M.A: La situation est préoccupante. Dans mes reportages, je tente d’expliquer que ce qui se passe aujourd’hui en Egypte est une déchirure sociale et politique, éventuel prélude à une guerre civile. Bien sûr, on pourrait aussi se contenter de décrire la situation comme la conséquence d’élections libres. Mais il s’agit d’une approche trompeuse. Une démocratie ne finit pas aux urnes mais doit être transversale. Et les manoeuvres anticonstitutionnelles du président Morsi vont dans le sens contraire. Une reconstruction sociale ne sera possible que lorsque le gouvernement abandonnera les méthodes héritées du précédent régime.

swissinfo.ch: Aujourd’hui, les Egyptiens regrettent-t-ils Moubarak?

M.A.: Il y a des nostalgiques, comme il y a eu les nostalgiques de Pinochet ou de Mussolini. Mais il y a aussi ce que l’on nomme ici hezb el-canaba, soit le «parti du divan», la majorité silencieuse qui ne regrette pas tant Moubarak que le statu quo de stabilité relative et d’ordre qui régnait sous l’ex-raïs. Ce genre d’attitude est propre à toute révolution: lorsque les résultats tardent à arriver, il peut y avoir la tendance à regretter le passé. Heureusement que ce genre de réaction se heurte à un front progressiste décidé à ne pas céder. Si les gouvernements occidentaux assumaient leurs responsabilités, ils devraient soutenir cette frange et en transmettre le message au lieu de parler cyniquement d’«automne arabe».
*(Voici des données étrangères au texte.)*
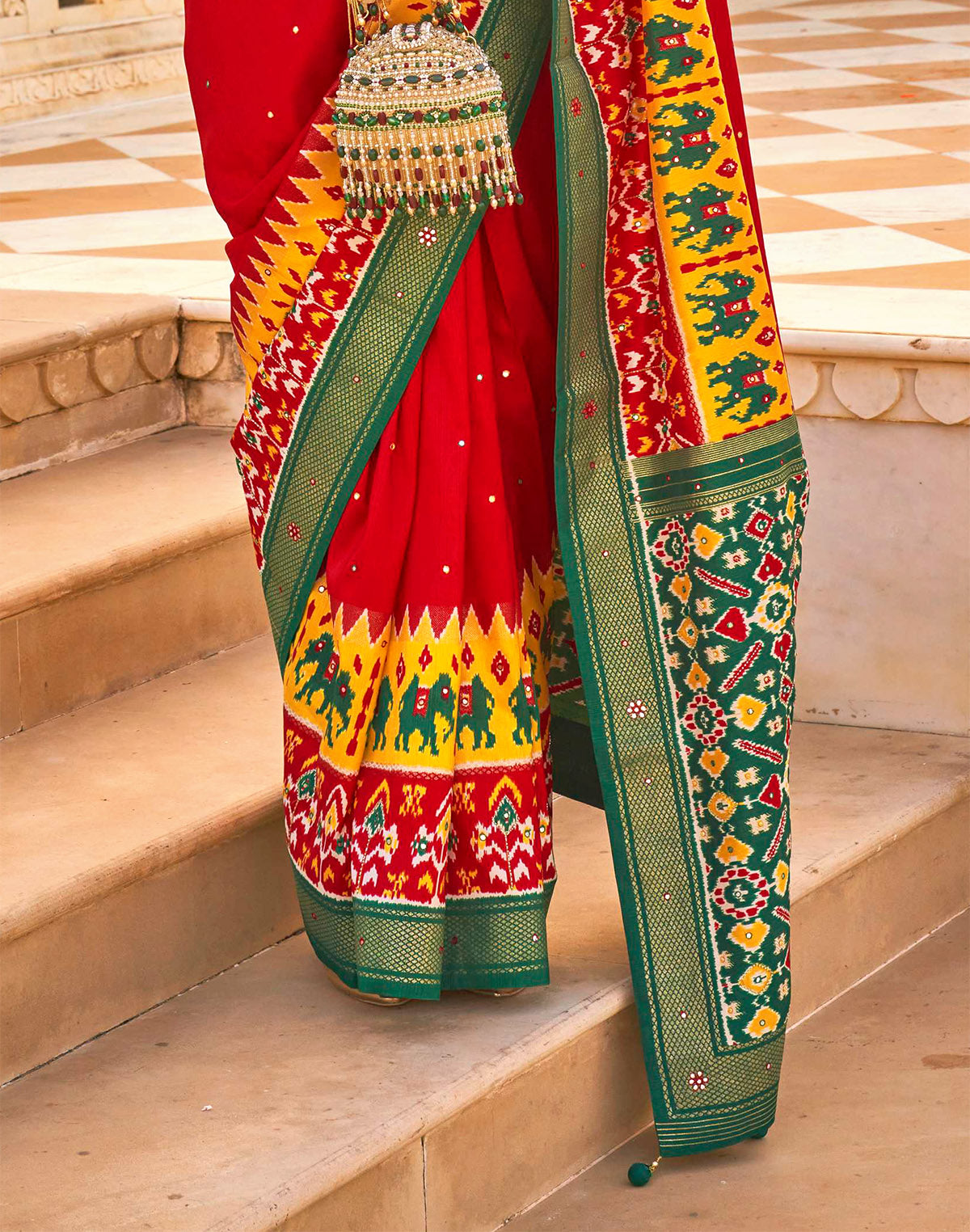 Bright Red and Green Patola Silk Mirror work Saree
La «Révolution du Nil» a été provoquée à la suite d’un vaste mouvement de contestation du président Hosni Moubarak, entamé dès le 25 janvier 2011. D’abord pacifique à l’exemple du «Printemps arabe» de Tunisie, il a dégénéré en heurts violents qui ont fait de nombreuses victimes parmi les civils et les forces de l’ordre.

Le 11 février 2011, après moult tergiversations, le Rais annonce sa démission, mettant officiellement un terme à la Révolution du Nil.

Son successeur, Mohamed Morsi, 61 ans, membre des Frères Musulmans, a été élu le 24 juin 2012.  Durant ces dernières semaines, les manifestations ont repris, provoquées par les opposants à la politique du nouveau président qui préconise une «reconstruction» de l’Egypte basée sur la Sharia, la loi coranique.

swissinfo.ch: Quelles sont les difficultés auxquelles un étranger intellectuel et athée comme vous se heurte dans ce pays?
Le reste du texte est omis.